CARE BLOG

CARE in Cuba: Much Hope for the Future

1/16/15

On December 19, just two days after presidents Barack Obama and Raul Castro made the historic announcement of talks to normalize relations between Cuba and the U.S., I departed for Canada for the holidays.

I left the positive energy and hope for the future felt in the streets of Havana, and arrived to Canada to much curiosity and many questions about the changes.

Having lived and worked in Cuba for nearly three years, the announcement came as a welcome surprise. CARE’s program in Cuba – running since 1995 – includes work in the food security, climate change adaptation, disaster risk reduction, and humanitarian sectors.

In my work with CARE in Cuba, I am often inspired and humbled by the resilience of the Cuban people and their solidarity and commitment to social equality despite the difficult situation they face.

This includes people like Ramona and Juan Carlos of Tacajó, Holguin who despite seeing their house collapse in the aftermath of Hurricane Sandy in 2012 worked to rebuild a stronger and safer house, and then shared their knowledge, tools and resources to help their neighbors do the same.

Or community leaders like Roxana in Santiago de Cuba, who despite many competing priorities, being a mother and having limited resources, she organizes nightly neighborhood meetings to raise awareness and prepare her community to face and respond to natural disasters.
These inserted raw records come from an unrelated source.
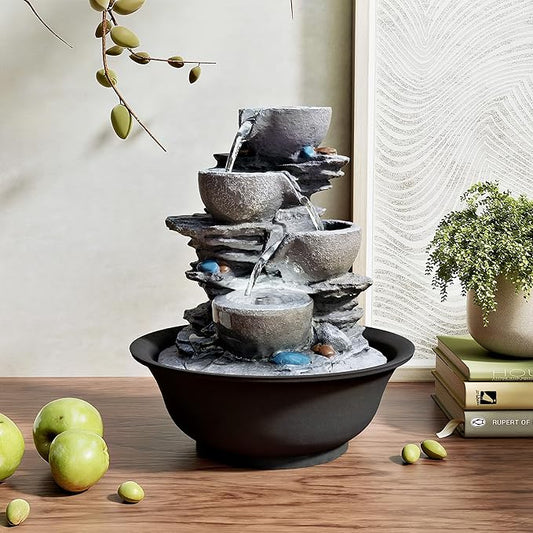 10.6inch Tabletop Fountain, Indoor Waterfall Fountains with LED Light, Realistic Rock Design for Soothing Ambiance in Bedrooms, Living Rooms, Offices, or Meditation Spaces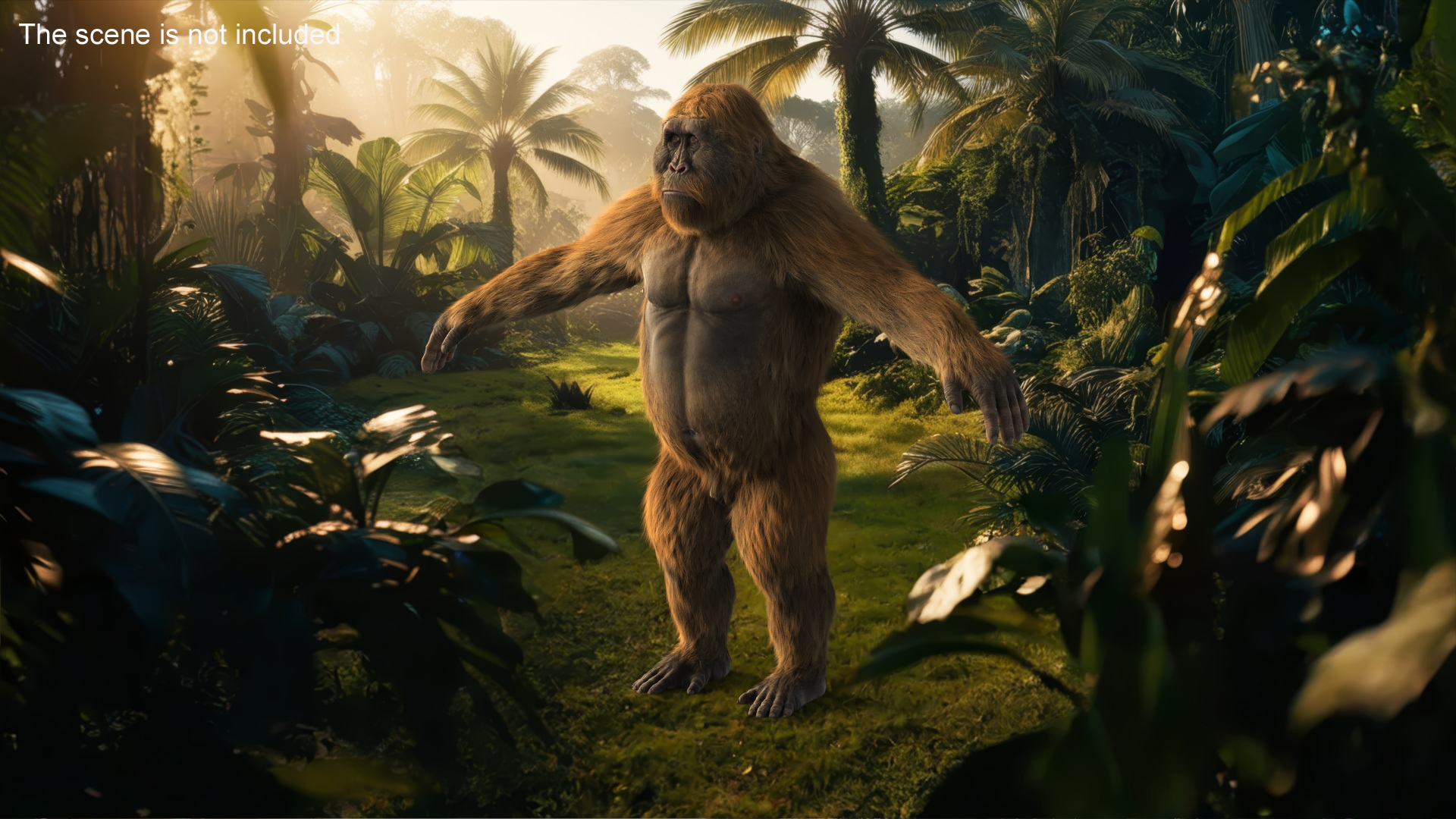 3D Gigantopithecus A-Pose Fur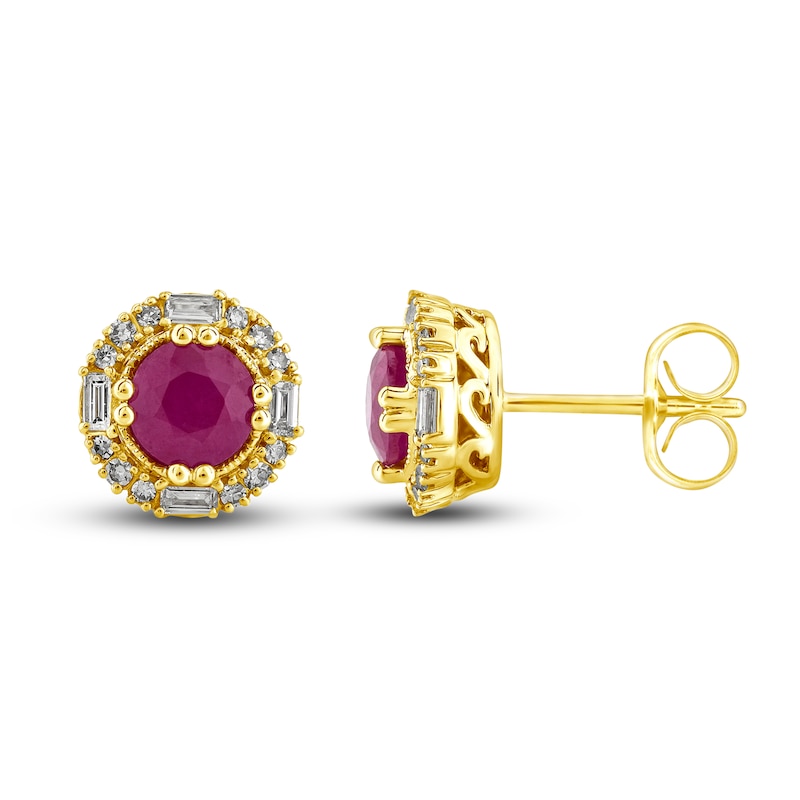 Natural Ruby Stud Earrings 1/4 ct tw Diamonds 14K Yellow Gold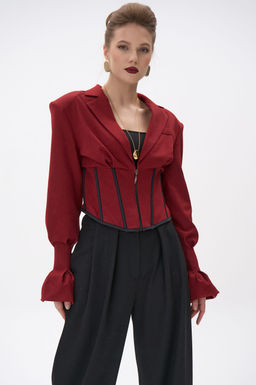 Пиджак  корсет Джуди (бордовый) - Эльза фото 6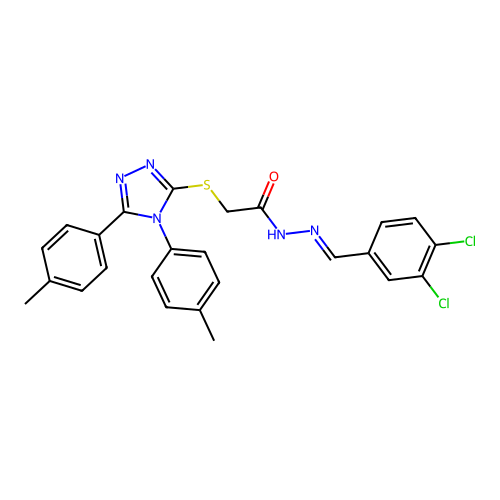 2-{[4,5-bis(4-methylphenyl)-4H-1,2,4-triazol-3-yl]sulfanyl}-N'-[(E)-(3,4-dichlorophenyl)methylidene]acetohydrazide structure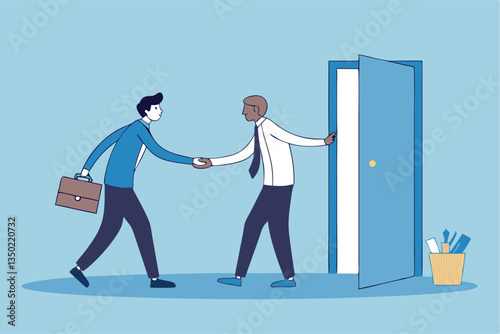 Offboarding process for employee leaving company, farewell or departure, quit job, decision for new opportunity, terminate work contract process, businessman manager check hands with leaving employee.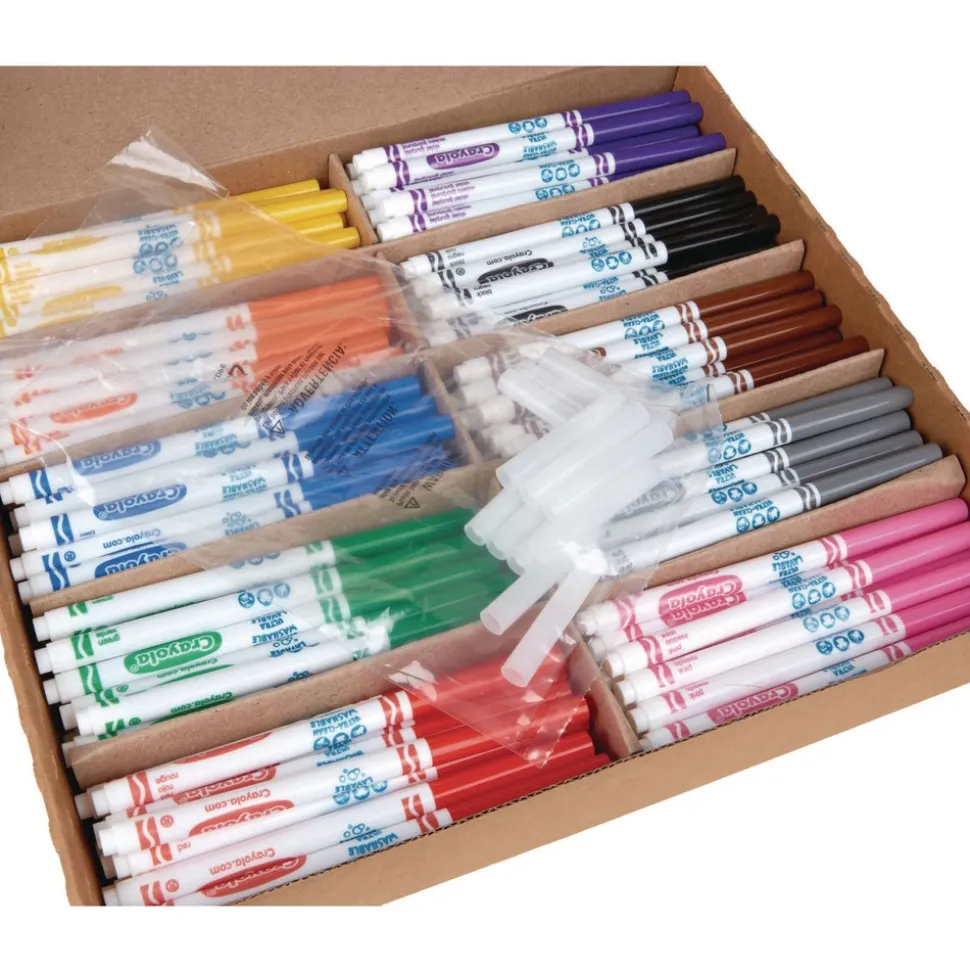 Crayola 10 Assorted Colors Fine Bullet Tip Ultra-Clean Washable Marker Classpack (200/Box)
CARE’s program has felt the impacts of the restrictions imposed by the U.S. government against Cuba and, as an organization with a presence in both countries, we welcome the steps taken by President Obama to ease restrictions - in particular, the opening of general travel licenses for humanitarian workers, the export of much-needed goods such as construction and farming equipment, and the increase in remittances that can be sent to support humanitarian projects in Cuba.
 
However, we look forward to further action on the part of both governments as we consider that over the long term, the potential for change is great.
 
CARE will continue to collaborate and support its Cuban partners, including government, associations, research institutes and communities. Although it’s too early to predict what will happen in 2015 and what the implications of these changes will be, the spirit of determination and the resilience of Cubans like Ramona, Carlos and Roxana leaves me with much hope for the future.